1.

1.

Vee

— Осторожнее.

В ответ на эти слова Виола лишь рассмеялась и пожала плечами; выбрав неудачный момент, она едва не сорвалась с ветки дерева прямо вниз, к озеру, но смогла удержаться.

— Все в порядке, видишь? Просто хотела тебя напугать, как раньше.

Жильбер на ее беззаботный смех неодобрительно покачал головой, но не сдержал слабой улыбки.

— Ребячество, Виола. Пожалела бы меня.

— Раньше ты был повеселее, — попыталась игриво подколоть она, но всё равно не удалось скрыть сквозящей в голосе… смутной печали, должно быть.

— Раньше я бы смог тебя подхватить, сейчас это уже не смешно.

— Как скажешь, — Виола быстро сдалась, признавая его правоту, и со вздохом ухватилась за соседнюю ветку, с усилием подтягиваясь и взбираясь наверх. Широкие рукава белой рубашки немного мешались — приходилось осторожничать, чтобы ненароком не зацепиться, но в свое время ей удалось наловчиться, и сейчас она без особого труда добралась до облюбованной ими широкой ветви, с облегченным выдохом устраиваясь на ней поудобнее рядом с Жильбером, который добрался раньше нее и некоторое время просто ждал.

— Не жаль дорогой одежды? — хмыкнул он, подвигаясь ближе к стволу, предоставляя Виоле больше пространства.

Девушка без намека на угрызения совести взглянула вниз, где у корней валялся без раздумий сброшенный ею вышитый серебром пиджак, и ухмыльнулась, вновь поведя плечом.

— С тем, что на мне, все в порядке. А касаемо пиджака — что с ним станется? К тому же, — хмыкнула она, — у меня таких три.

— Вы только посмотрите на неё, — рассмеялся Жильбер, и Виола и сама расцвела, наконец увидев широкую, искреннюю улыбку на его лице — улыбку, по которой так скучала. — К старым привычкам возвращаешься?
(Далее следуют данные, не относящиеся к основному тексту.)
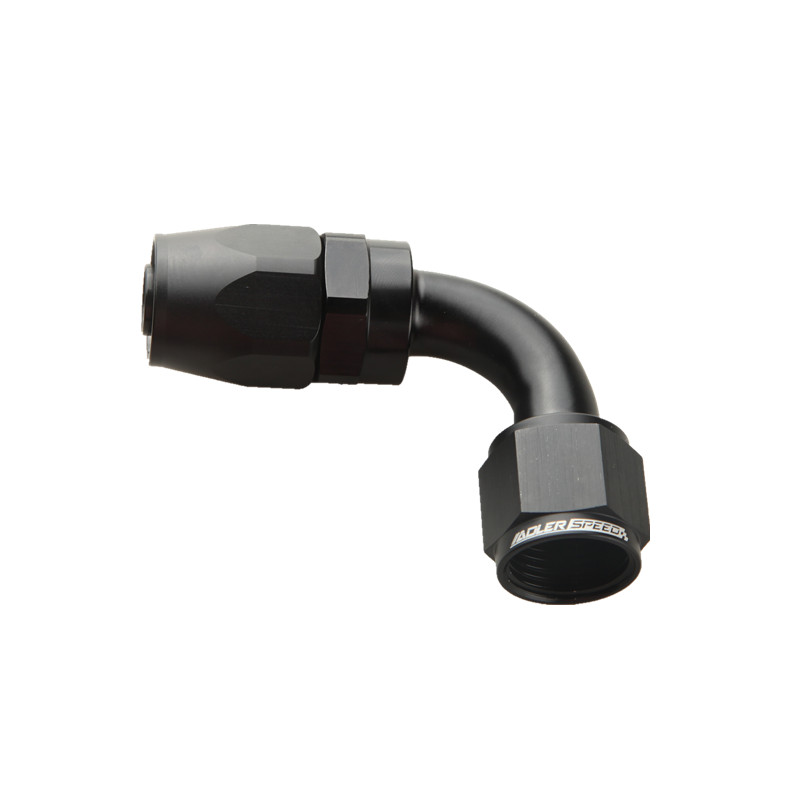 10an An10 Rechte 45 Graden 90 Graden 180 Graden Draaibare Olie Stookfitting Slang Einde Adapter Aluminium: Goud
Хочешь щегольнуть благосостоянием, м?

— Вовсе и нет, — фыркнула она с ухмылкой, — просто констатирую факт — даже если прямо сейчас этот самый пиджак утащил бы бронекраб, едва ли я б убивалась.

Они умолкли.

Виола вдохнула полной грудью, свежий воздух наполнил легкие. Взгляд ее из беззаботного стал вдумчивым. Она смотрела на небо, затянутое облаками, на озеро, выглядящее по-разному и в то же время абсолютно одинаково каждый раз, как они сюда приходили, на простирающийся вдаль лес. Затем взгляд ее упал на Жильбера. Неожиданно, но в отличие от нее, он выглядел куда более беззаботно, откинув голову назад и прикрыв глаза. Виола ему почти завидовала… никак не удавалось отогнать смутное беспокойство. Она ярко улыбалась, встретив его, и заливисто смеялась, пока стягивала пиджак и взбиралась на дерево, но странное чувство — тревога ли, печаль ли — никак не желали отпускать, отравляя каждую улыбку и каждый проблеск радости. Странное чувство — словно тебе хорошо, но необъяснимо плохо в то же время; будто что-то щекочет горло изнутри и слегка скручивает внутренности, едва давая о себе знать, но даже так омрачая беззаботные мгновения. Если не задумываться об этом, то игнорировать легко. Но стоит на минуту лишь неосторожно нырнуть в себя — и никуда уже не деться.

— М-м? — приоткрыл один глаз Жильбер с невысказанным вопросом. Его выражение лица и растрепанные каштановые кудри придавали ему почти озорной вид, но даже так от него веяло надежностью и спокойствием — сколько Виола себя помнит, это никогда не менялось.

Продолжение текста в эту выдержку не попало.